The company behind this assault on the highest peaks of CD replay is Schunk Audio Engineering, a German outfit offering amplifiers, loudspeakers and cables, alongside a top digital source like the TUBE-DAC, and a handful of very slightly less esoteric digital models.

Features in the TUBE-DAC include that well-known 21st-century amplifying device, the thermionic valve, in this case a pair of ECC83 triodes, which is a common enough sight in audio. Used here in a hybrid configuration (which as our own measurements were able to confirm) it differs in some ways from your average valve circuit.

Explaining the cost

But valves aren't that expensive and don't account for the price. A cost that's explained largely by three things, two of which we could see and one we could only read about. The case, made largely of thick aluminium panels is superb and there's a generous sprinkling of ultra-high-performance op-amps, to be precise ten type OPA627. The latter is one of those near-mythical audio components that outperforms standard parts in almost every way. And the part we read about? Accustic's own digital filter, with a 32-bit microprocessor for which great things are claimed.

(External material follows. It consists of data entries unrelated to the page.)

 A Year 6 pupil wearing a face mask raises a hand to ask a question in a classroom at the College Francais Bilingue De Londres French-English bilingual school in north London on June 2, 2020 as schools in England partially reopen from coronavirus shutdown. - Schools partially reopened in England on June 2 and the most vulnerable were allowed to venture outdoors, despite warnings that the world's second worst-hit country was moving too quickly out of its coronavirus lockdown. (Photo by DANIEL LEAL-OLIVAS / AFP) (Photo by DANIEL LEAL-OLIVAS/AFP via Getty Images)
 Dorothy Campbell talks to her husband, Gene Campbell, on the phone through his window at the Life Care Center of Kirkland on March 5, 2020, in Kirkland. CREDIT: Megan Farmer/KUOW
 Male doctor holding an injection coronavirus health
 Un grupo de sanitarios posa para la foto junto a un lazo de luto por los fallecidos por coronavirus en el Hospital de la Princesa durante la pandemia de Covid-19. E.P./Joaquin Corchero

The 32 bits sound good and so do many of the claims made for this bit of electronic trickery. Accustic doesn't call it a 'filter', just 'digital signal processing', and claims that it's considerably more elaborate than normal upsampling. That may be so, but as far as we can see it's doing a standard upsampling job, with just the same sort of response as most conventional up- or over-sampling players.

Accustic makes much of the additional noise created by regular upsampling, but we've yet to see evidence of that. The firm also seems to imply that normal DACs share digital processing for both channels and so create a slight time delay between them. But we feel that problem (to the extent that it ever really was one) was laid to rest 20 years ago!